Ecco il testo della missiva che il Presidente nazionale ANVGD ha inviato a Silvio Forza, Direttore de"La Voce del Popolo" e autore dell'editoriale.
Gentile Dottor Forza,
Lei conosce la piena disponibilità dell’Associazione che rappresento ad un rapporto di collaborazione con le Comunità italiane in Istria, Fiume e Dalmazia, e con gli Organismi che le rappresentano.
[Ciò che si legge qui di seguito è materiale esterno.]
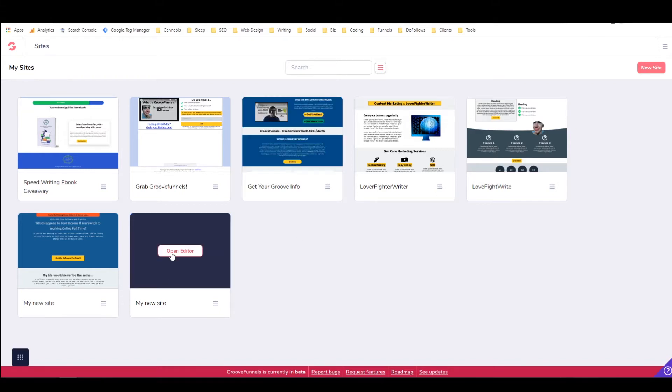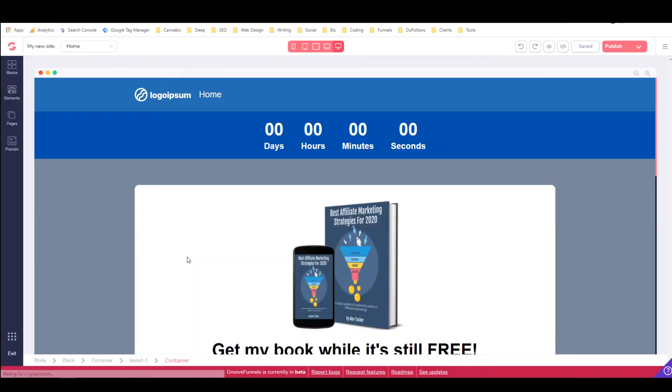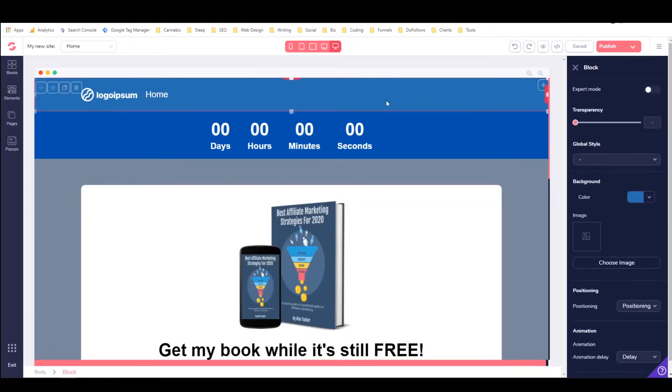So I'm just going to open up a test site that I have here and you can see I've got this navigational bar. It doesn't look very nice but that's okay.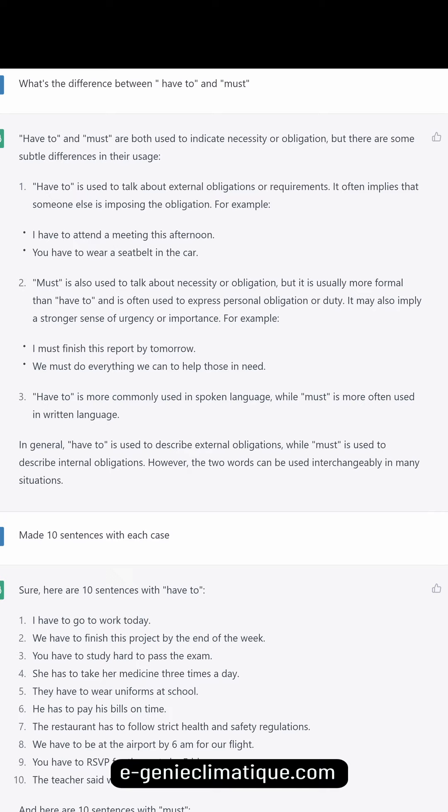'Have to' is more commonly used in spoken language, while 'must' is more often used in written language. In general, 'have to' is used to describe external obligations, while 'must' is used to describe internal obligations. However, the two words can be used interchangeably in many situations.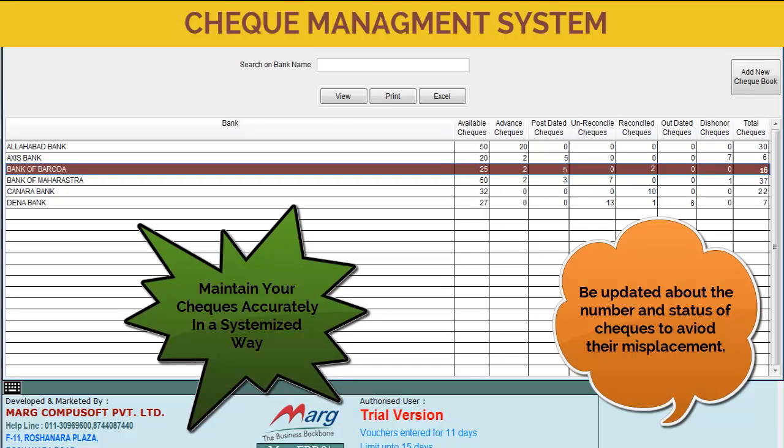Hello friends and welcome to this tutorial which will give you a quick tour to check management system in Marg software.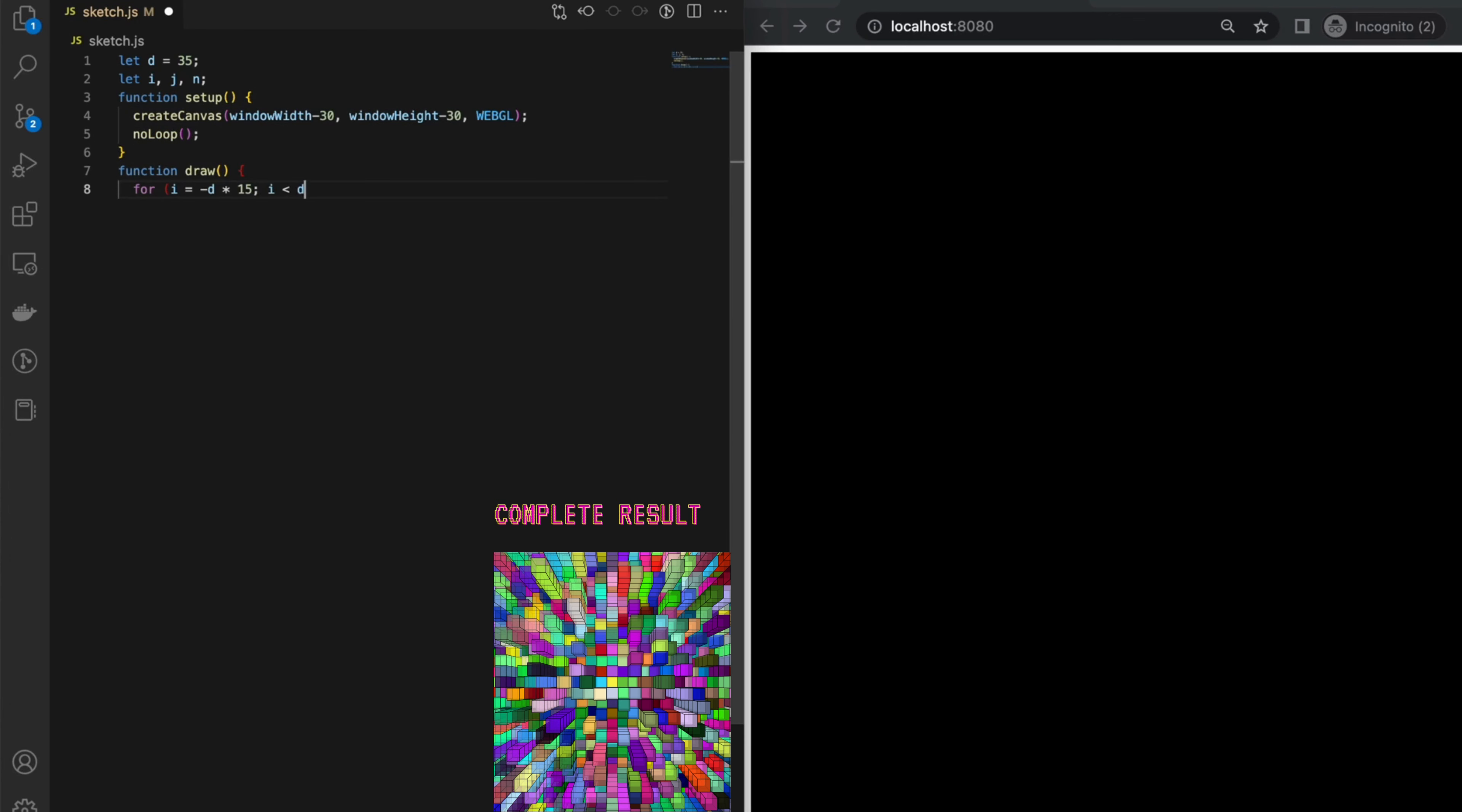Next step, inside the draw function, use nested loops to iterate over the x and y positions of the boxes.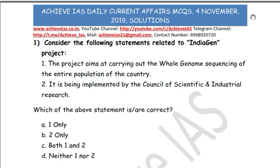Hey guys, welcome to all of you on our channel, Achieve IAS. On our channel we are targeting the exam of civil services, and for that purpose we have started multiple series targeting prelims as well as mains. In this video we will be talking about our current affairs MCQ series, in which we daily discuss MCQs from a current affairs perspective. Today is 4 November, so let's see what the questions are for today.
Disponibilità che ho sempre confermato pubblicamente e la cui concretezza è stata dimostrata in molte occasioni, anche attraverso le frequenti visite alle Comunità dei Comitati provinciali dell’ANVGD.
Non possono quindi non sorprendermi le espressioni contenute nell’editoriale della “Voce del Popolo” del 20 dicembre scorso.
L’iniziativa dei premi per il Giorno del Ricordo ha come scopo evidente – che tutti possono comprendere – quello di avvicinare alle tematiche della tragedia delle Foibe, dell’esodo e della tradizione italiana della nostra terra persone e istituti estranei al nostro mondo, in modo da uscire dal ghetto in cui noi e voi siamo stati collocati dalla complessa situazione politica interna ed internazionale.
Noterà infatti come nessun riconoscimento è stato conferito ad organizzazioni di Esuli.
Quando parlo di “nostro mondo” intendo sia quello della Diaspora sia quello di voi residenti in Slovenia, Croazia e Montenegro, che tenete alta la promozione della nostra lingua e della nostra identità di italiani dell’Adriatico orientale.
Spero vivamente, quindi, che questo editoriale del 20 dicembre scorso non possa costituire un impedimento ad una comprensione reciproca, paritaria e leale, tra di noi.